New for 2012, the Black Widow ride begins with up to 40 riders sitting in outward-facing, suspended seats that form a giant circle.
With legs dangling freely, each rider is secured with a shoulder restraint, and the giant circle begins to swing in a pendulum motion while rotating counterclockwise. At the peak of the swing, riders reach a height of 146 feet above the ground at an angle of 120 degrees from the center. The pendulum motion propels riders back and forth at 68 mph.
Ticket prices went up $2 this season, but the increase for senior citizens is $1. Admission prices start at $10.99 for a senior rider at night to $37.99 for a regular day pass. Children age 2 and younger are admitted free. Details: 412-461-0500 or www.kennywood.com.
For those who'd like to cool off on a hot summer day, Sandcastle, a water park on the banks of the Monongahela River in West Homestead, has been making a big splash since it opened in July 1989 on what had once been the rail yard of U.S. Steel's Homestead Works. Sandcastle is open daily through Aug. 19.
"The idea for the park began with the premise that Pittsburgh needed a beach," said Melissa Kelly, Sandcastle spokeswoman. "To make way for the water park, seven miles of tracks were removed. The low land immediately along the Monongahela -- where the water slides dump their riders into sparkling ponds -- was virtually jungle. The vegetation was so dense on this area 'below the tracks' that it was almost impassable.
"Today, when guests arrive on the boardwalk and look toward the river, the scene is one of unusual beauty and tranquillity -- a pristine setting along a calm, wide waterway backed up by a densely wooded green hillside. The last thing they think about is an abandoned steel mill, but that's where Sandcastle began."
New this year, Dragon's Den is the biggest addition to Sandcastle in nearly 10 years. Riders catapult through a dark 45-foot-long tunnel slide, which plummets into a 35-foot bowl, where they encounter a 9-foot-tall dragon that spits mist at its riders. After completing two to four revolutions in the mist-shrouded abyss, guests suddenly disappear, splashing down in a landing pool.
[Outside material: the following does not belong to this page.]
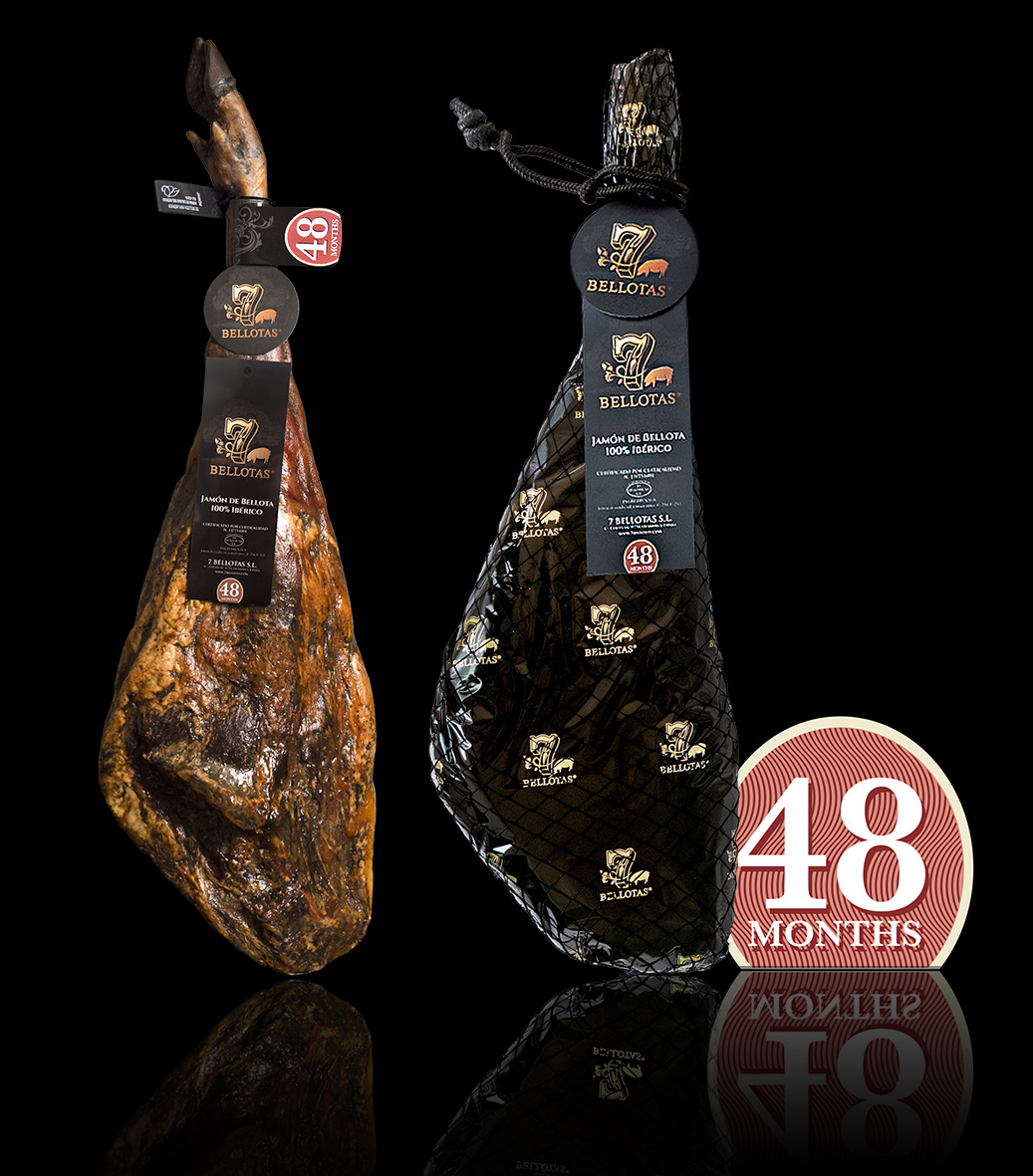 jamón de bellota tweet media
"We want to try to keep things fun and exciting for our guests," said Sandcastle general manager Damian Dondero. "This has been a few years in the making, and we are excited to add a water slide that is completely different than any other experience we currently have at the park."
Admission increased by $1 from last year, except for group rates, which remain unchanged. The 2012 admission price to Sandcastle is $31.99. The price is $21.99 for those age 55 and older or 4 feet tall and under. Details: 412-462-6666 or sandcastlewaterpark.com.